Lifetime and generic in plain English

Hello Quinedot,

Thank you very much for your responses ! It helped me a lot.

You point out an interesting point : usually (as far as I've noticed), we talk about the lexical scope (of a variable). When I talk about "scope" with students, they immediately think "lexical."

Please note that this may be a French particularity.

Thus, in order to avoid misunderstanding, it is best to use this term to refer to a lexical scope only (because we can think of other types of scopes, of course), and to always use it in conjunction with the adjective "lexical."

But lifetimes haven't been restricted to lexical scopes since 2018.

Yes, we agree. The term "lexical scope" applies to a variable, while the "lifetime" applies to a value. And it is true that a value may very well outlive a variable that temporarily identifies it. That's typically the case, in C programming, when (from within a function) you return a pointer to a memory allocation buffer. The value (the content of the buffer) still exists outside of the function, while the (local) variable within the function that referred to the buffer vanished.

The liveness of a borrower cannot outlive the borrow lifetime.
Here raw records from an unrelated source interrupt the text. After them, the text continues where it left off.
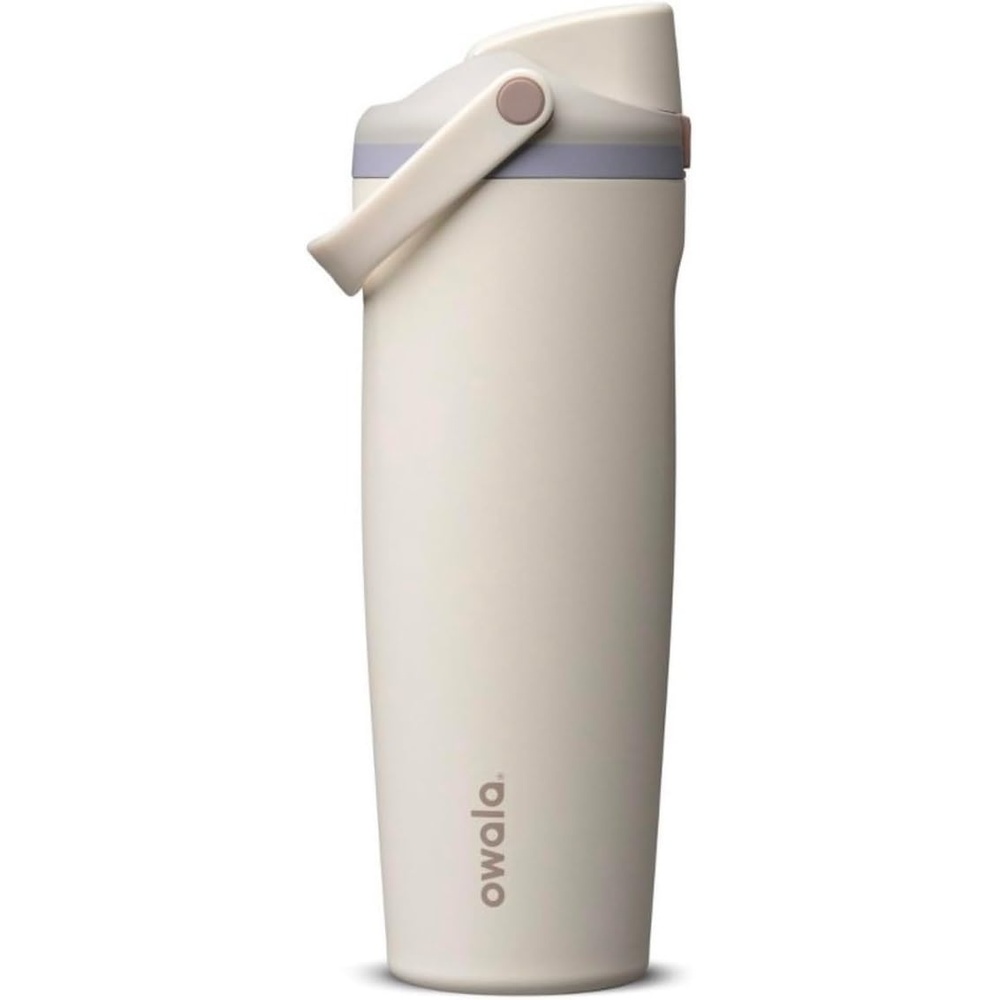 image:imageOwala 30 fl oz Stainless Steel Special Edition FreeSip Sway Insulated Water Bottle Cloud Watching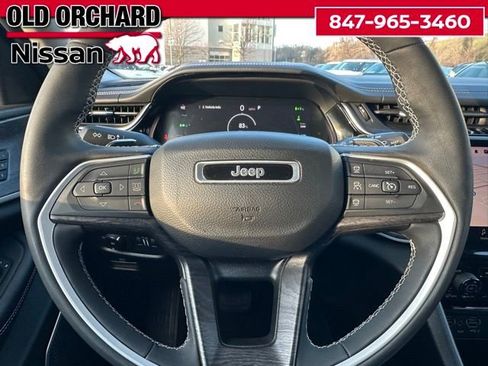 Used 2022 Jeep Grand Cherokee Limited 4xe image 23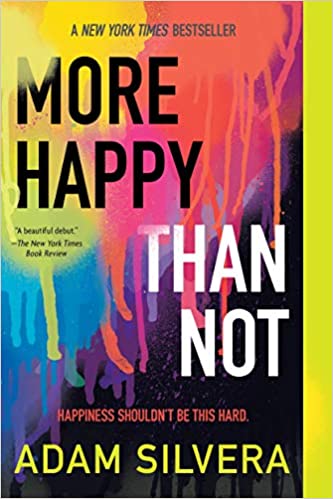 Adam Silvera – More Happy Than Not Audiobook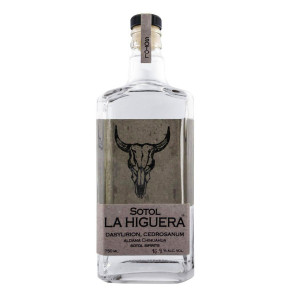 Sotol La Higuera Cedrosanum 48% (1 x 0.7 l)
I.e., the borrower must not be used (or usable) outside of the borrow lifetime. But that liveness region might not correspond to a lexical / drop scope.

Given the definition "We say that a variable is live (alive ?) if the current value that it holds may be used later" : that seems perfectly logic.

Is the concept of "liveness" used within a C compiler ?

I mean : in C programming, you can (by mistake) use a variable, while the value it "held" (I used the past) is not usable anymore. The C compiler does not check whether or not it is fine to use the value held by a variable. How could the C compiler could find out that a value is not usable anymore, anyway ? It seems impossible.

The scope of a &T or &mut T variable never really matters. The scope of a struct containing such a borrower can matter, if it has a destructor -- because that destructor will run at the end of the scope.

That's clear.

The scope of borrowed -- the T variable you're creating a &T to -- is an upper limit on the borrow lifetime.

That's clear.

Rust does have "raw pointers" in addition to references.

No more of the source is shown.